O artigo 202 da Constituição Federal traz como norte do sistema de previdência complementar o Princípio do Equilíbrio Financeiro e Atuarial, determinando a inafastável necessidade de “constituição de reservas que garantam o benefício contratado”. Naturalmente, esta forma de custeio demanda a formação de um portfólio de investimentos capaz de gerar rentabilidade aos recursos administrados pelas EFPC, de modo que tais valores sejam capazes de honrar com os pagamentos dos benefícios contratados.

Dentre as operações de investimento disciplinadas pelo Conselho Monetário Nacional na vigente Resolução nº 4.661, de 25 de maio de 2018 (Resolução CMN 4.661/2018), estão previstas as operações com participantes, cujas modalidades mais comuns consistem no empréstimo pessoal e financiamento imobiliário[1]. Essas operações, inseridas em ambiente normativo com comandos constitucionais e infraconstitucionais próprios, devem gerar resultados positivos para os planos de benefícios e, consequentemente, aos efetivos destinatários dos recursos administrados pela EFPC: participantes, assistidos e beneficiários.

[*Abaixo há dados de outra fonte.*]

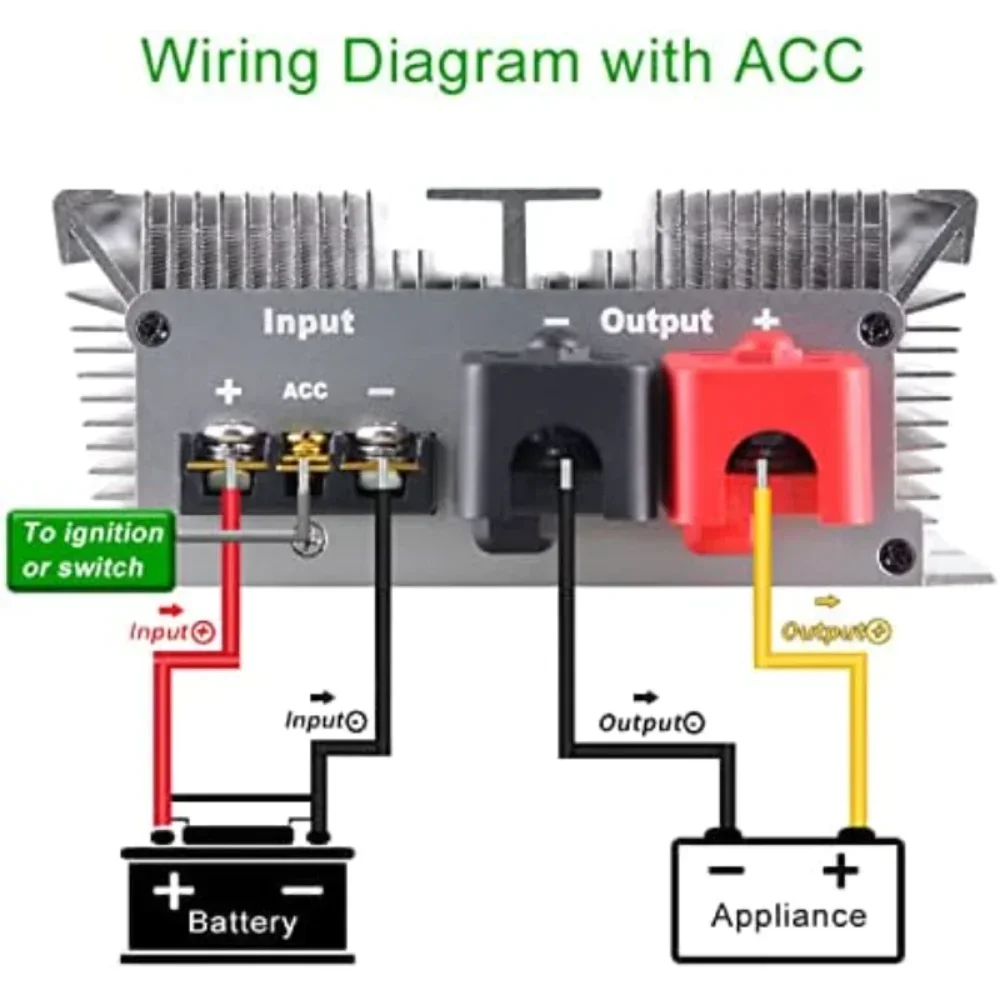 Imagem -05 - Step Down Conversor Regulador de Tensão dc Buck Transformer Fonte de Alimentação 24 v a 12 v 50a200a ce Impermeável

Em regra, essas operações costumam ter condições vantajosas para participantes e assistidos, notadamente em razão de taxas administrativas, custos de seguro e juros menores do que aqueles praticados pelos bancos comerciais. Contudo, mesmo diante da regra constitucional de necessidade de formação de reservas coletivas e condições usualmente mais proveitosas que as de mercado, a litigiosidade é expressiva.

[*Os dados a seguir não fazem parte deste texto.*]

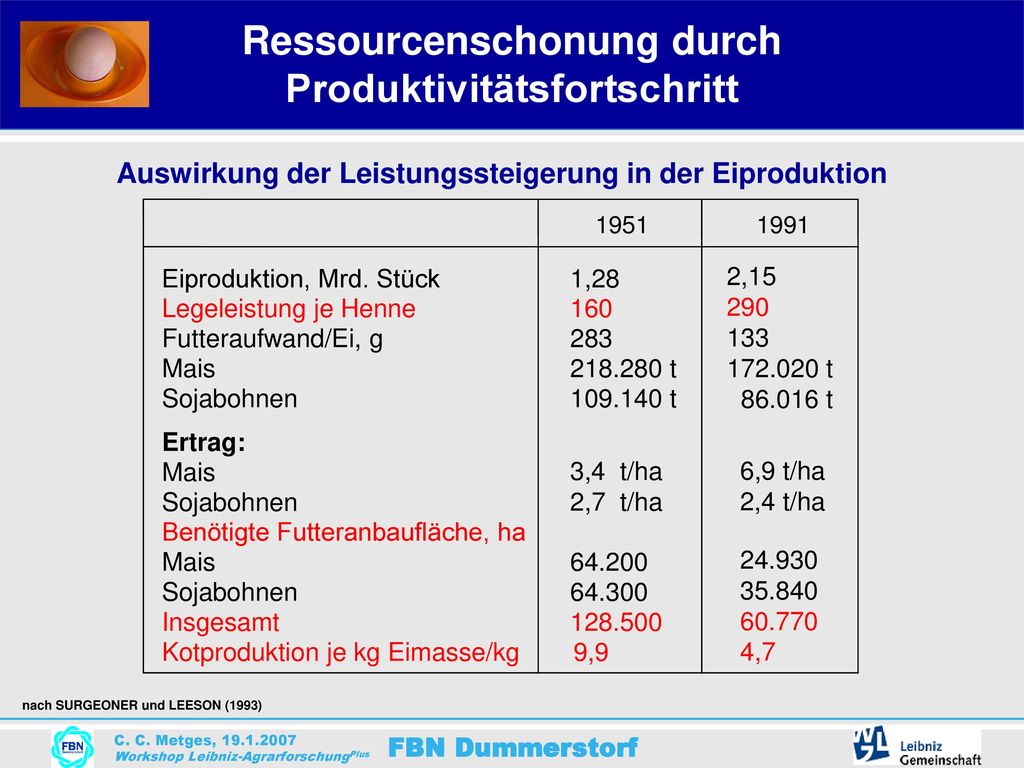 Ressourcenschonung durch Produktivitätsfortschritt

Não é incomum nos depararmos com decisões judiciais que atribuem à relação previdenciária – cuja finalidade primária é social – um olhar inadequadamente consumerista. Para ilustrar, citamos a recente decisão[2] proferida pela Sexta Câmara Cível do Tribunal de Justiça do Rio de Janeiro nos autos do Agravo de Instrumento 0030911-92.2020.8.19.0000, oportunidade em que os julgadores afirmaram que a EFPC atuaria como “fornecedor de serviços na forma do artigo 3º § 2º do CDC”, pois o contrato de empréstimo celebrado entre participante e EFPC não teria natureza previdenciária.

Em nossa visão, as decisões que determinam a incidência do CDC em contratos previdenciários, como é o caso de operações financeiras realizadas entre participantes e EFPC, desrespeitam o ambiente constitucional e legal protetivo do sistema de previdência complementar, que guarda o patrimônio comum de milhares de participantes ativos, assistidos e beneficiários dos planos previdenciários.

Ainda além, entendemos que as decisões que aplicam o CDC violam o entendimento pacificado do Superior Tribunal de Justiça (STJ), consubstanciado na Súmula 563, que indica que o CDC “é aplicável às entidades abertas de previdência complementar, não incidindo nos contratos previdenciários celebrados com entidades fechadas”. Neste ponto, deve-se compreender que os contratos de empréstimo pessoal e financiamento imobiliário são espécie do gênero contrato previdenciário. Essa é a conclusão a que se chega através de uma análise cuidadosa dos precedentes que deram origem ao entendimento da citada súmula.

Na Edição nº 14 da Revista de Previdência, editada pelo nosso Escritório, o artigo denominado “Inaplicabilidade do CDC aos Contratos de Mútuo e Financiamento Imobiliário Celebrados entre Participantes e Entidades Fechadas de Previdência Complementar” analisa de forma detalhada o tema. De fato, o CDC não é um instrumento adequado à solução de conflitos judiciais instaurados a partir dessas relações estabelecidas no âmbito da previdência complementar fechada, pois pressupõe duas partes distintas e, de certa forma, antagônicas: fornecedor e consumidor. Diferentemente, o contrato previdenciário tem, de um lado, o plano de benefícios (que guarda o patrimônio coletivo) e, de outro, cada um dos indivíduos que compõe essa coletividade e serão destinatários de parte desse patrimônio.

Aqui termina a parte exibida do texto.